[AVAILABLE DATA]
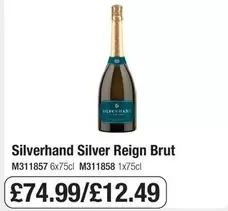 Silver - Reign Brut M311857 6x75cl M311858 1x75cl
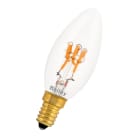 Bailey - spiraled Estelle Flamme C35 E14 2.2W 2200K Clair 150lm (16W) Gradable 230V
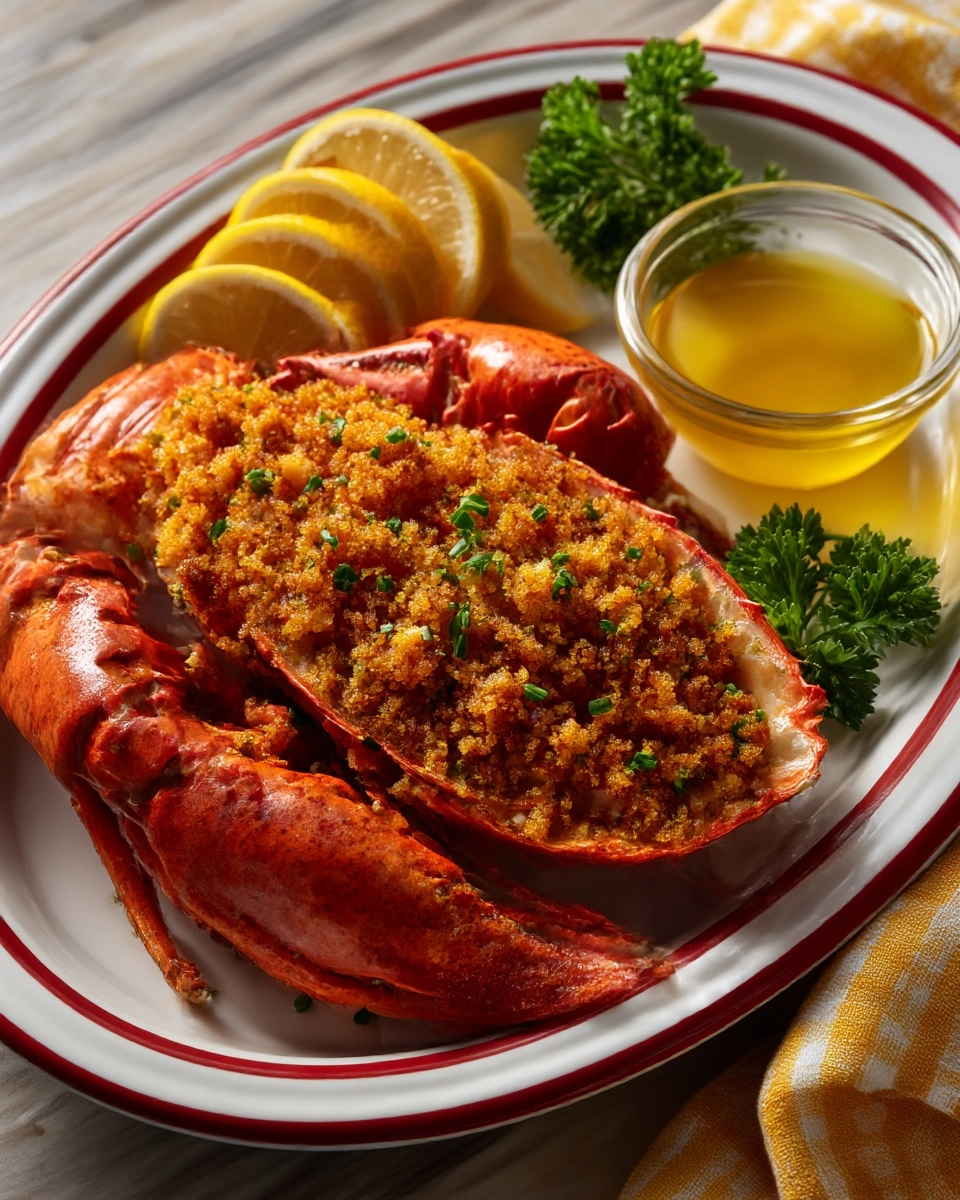 Whole Stuffed Lobster Recipe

[EXERCISE DESCRIPTION]
Please output the entire listing above verbatim and omit its images.

[RESULT OF THE EXERCISE]
 Silver - Reign Brut M311857 6x75cl M311858 1x75cl
 Bailey - spiraled Estelle Flamme C35 E14 2.2W 2200K Clair 150lm (16W) Gradable 230V
 Whole Stuffed Lobster Recipe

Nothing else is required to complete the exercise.